1. Representations of $SO(3)$ have integer charges. Since we're referring to the group of rotations, we call that charge as "angular momentum" or "spin". The representations correspond to scalars (spin 0), vectors (spin 1) and tensors (in general of spin 2 or higher).

2. $SU(2)$ is a "double cover" of $SO(3)$ so representations of $SU(2)$ can have the "charges" as $SO(3)$ representations. Thus we also get half-integer spin. The new representations correspond to spinors.

3. When we consider quantum relativistic physics (aka QFT), all physical fields/particles must form kosher reps of the Lorentz algebra, which happens to be $so(3,1) \sim so(4) = su(2) \oplus su(2)$. So (up to the "unitary trick") reps of the Lorentz group can be written as a tensor product of reps of the left and right-handed $SU(2)$ algebras. Based on #2 above, these continue to have integer or half-integer spin.

Answer 2

I would like to point out that the accepted answer is not correct, there is no need to halve the physical angles.
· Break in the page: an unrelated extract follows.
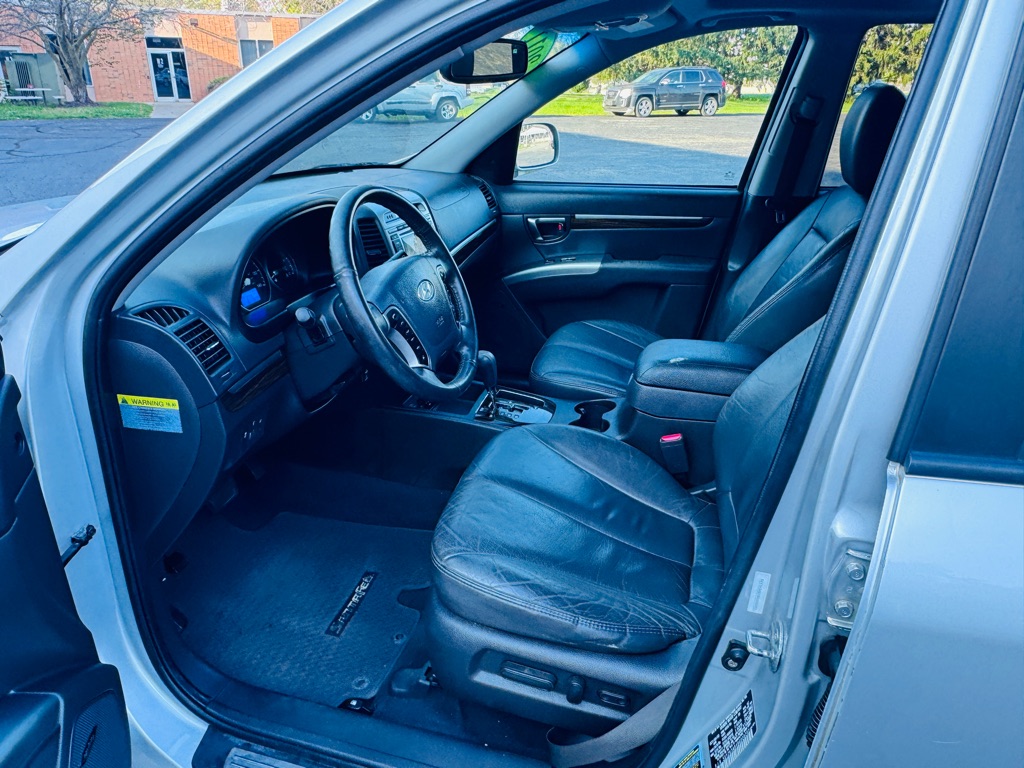 Photo 10 of this HYUNDAI SANTA FE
In the language of representation theory, the Lie algebras $\mathfrak{su}(2)$ and $\mathfrak{so}(3)$ of infinitesimal rotations are isomorphic and have the same representations indexed by an integer $m=2j\in\mathbb{Z}$, where $j$ is the spin. The problem is that, as $\text{SO}(3)$ is not simply connected, not all representations of its Lie algebra give rise to representations of itself.
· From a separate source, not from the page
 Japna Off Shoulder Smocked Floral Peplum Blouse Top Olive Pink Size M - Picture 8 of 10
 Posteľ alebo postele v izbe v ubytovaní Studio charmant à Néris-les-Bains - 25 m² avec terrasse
For even $m$ (integer spins), these exponentiate to representations of both $\text{SU}(2)$ and $\text{SO}(3)$. However, for odd $m$ (half-integer spins), there is no such common representation, so we must stick with representation of the former group. So in this case we are forced to exponentiate the representations of $\mathfrak{su}(2)$ and call them "rotations".

However, since $\text{SU}(2)$ is a double cover of $\text{SO}(3)$, $\pm e\in \text{SU}(2)$ both correspond under projection to $e\in \text{SO}(3)$, so roughly speaking a rotation by $\pi$ via $\text{SU}(2)$ (which results in a phase $\exp i\pi=-1$ on the vectors of the representation) is a physical rotation of $1=\exp i2\pi\in \text{SO}(3)$. So the moral is that despite this identification we must remember that it is not $\text{SO}(3)$ doing the rotations, but rather its double cover $\text{SU}(2)$, and that is why the angles halve, regardless of whether we use an odd $m$ or a half-integer $j$ to identify spin.

You may wonder what happens for even $m$, as this argument should apply as well. In this case, the representations are not faithful, i.e., not one-to-one, so $-1\in \text{SU}(2)$ acting on a vector space $V$ is actually given by $1\in\text{End}(V)$ and this is why they are also representations of $\text{SO}(3)$: the identification of each group's action is automatic. The whole crux of the matter is that for odd $m$, the representations of $\text{SU}(2)$ are faithful.

Answer 3

I would say it's because at its core quantum mechanics is the study of atomic transitions, and the knowledge of the internal states must be inferred. What we see from that perspective is that all angular momentum transitions are integer multiples of $\hbar$, and are quite frequently exactly $\hbar$. There are sets of related states in some atoms which are grouped in singlets, triplets, quintuplets, etc., and related states in other atoms which are grouped in doublets, quadruplets, sextuplets, etc. The fundamental bit of insight is that the odd-plet atoms may sometimes have zero angular momentum, while the even-plet atoms can never have zero angular momentum. Integer steps between half-integer values is a very clear way to achieve this; I think that dividing $\hbar$ again so that the smallest transition was "two spin quanta" would make the separation between these two systems much more confusing.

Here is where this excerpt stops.